Nel suo diario del 1839, Eugenio continua a riflettere sulla sua vocazione. Come esponente “dell’alta società †di Aix, avrebbe potuto aspirare ad una posizione importante all’interno della diocesi, considerato che suo padre era stato il Presidente de Mazenod della Corte dei Conti. Quando era seminarista Eugenio prese lo stemma di suo padre [suo mortier che era un copricapo di velluto che permetteva di riconoscere i giudici della corte dei conti e andava messo sul suo vestito presidenziale], lo capovolse e mise al di sopra di questo simbolo di potere la Croce e la corona di spine. Già in questo momento appare chiaro il ruolo che il simbolo della Croce avrà nella vita del fondatore.
E’ stato sempre questo sentimento a determinare la mia scelta quando, ritornando ad Aix, il vescovo di Metz, allora amministratore della diocesi, mi chiese cosa volessi fare. Non ci fu neanche un cappello della mia testa che pensasse di far prevalere la mia posizione sociale per far intravedere pretese che tutti, allora, avrebbero trovato ragionevoli: Ho preferito essere messo da parte nella casa del mio Dio, era il mio motto.
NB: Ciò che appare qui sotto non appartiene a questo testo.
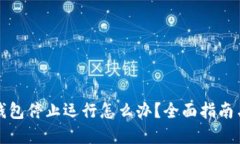 比特币冷钱包停止运行怎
Era scritto in un piccolo disegno che feci fare in seminario e che esprime perfettamente il segreto del mio cuore. Il mio stemma messo sotto il mantello di presidente o tocco di mio padre staccato e gettato con negligenza su un banco di pietra, il tocco e la corona rovesciate; una croce di legno e una corona di spine che sovrastano al posto di questi ornamenti ai quali testimoniavo di rinunciare calpestandoli, per così dire, con i piedi. Ecco il vero segreto della mia vocazione.